The approach to gain knowledge out of a set of data was separated by Fayyad into individual steps. The individuality results out of different tools you use, and different outcomes that are needed.
The KDD Process stands for the Knowledge Discovery in Databases. According to Fayyad there are five steps: Selection, Pre-processing, Transformation, Data Mining and Interpretation. These five steps are passed through iteratively. Every step can be seen as a work-through phase. Such a phase requires the supervision of a user and can lead to multiple results. The best of these results is used for the next iteration, the others should be documented. In the following, the steps will be briefly described.
The five KDD Steps by Fayyad
- In the Selection-step the significant data gets selected or created. Henceforward the KDD process is maintained on the gathered target data. Only relevant information is selected, and also meta data or data that represents background knowledge. Sometimes the combination of data from ubiquitous sources can be useful, but possible matters of compatibility have to be observed.
- A good result after applying data mining depends on an appropriate data preparation in the beginning. Important elements of the provided data have to be detected and filtered out. These kind of things are settled in the Pre-processing phase. To detect knowledge the effective main task is to pre-process the data properly and not only to apply data mining tools. The less noise contained in data the higher is the efficiency of data mining. Elements of the pre-processing span the cleaning of wrong data, the treatment of missing values and the creation of new attributes.

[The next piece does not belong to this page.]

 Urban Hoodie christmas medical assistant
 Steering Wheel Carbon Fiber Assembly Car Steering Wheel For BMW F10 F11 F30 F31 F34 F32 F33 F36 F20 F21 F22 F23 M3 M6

- That data also needs to be transferred into a data-mining-capable format. The Transformation phase of the data may result in a number of different data formats, since variable data mining tools may require variable formats. The data also is manually or automatically reduced. The reduction can be made via lossless aggregation or a loss full selection of only the most important elements. A representative selection can be used to draw conclusions to the entire data.
- In the Data Mining phase, the data mining task is approached. Fayyad gives a classified overview over existing data mining techniques. He makes suggestions, which technique may be used for which objectives, but most of the techniques are now improved. The output of this step is detected patterns. Data Mining will be focused on following articles.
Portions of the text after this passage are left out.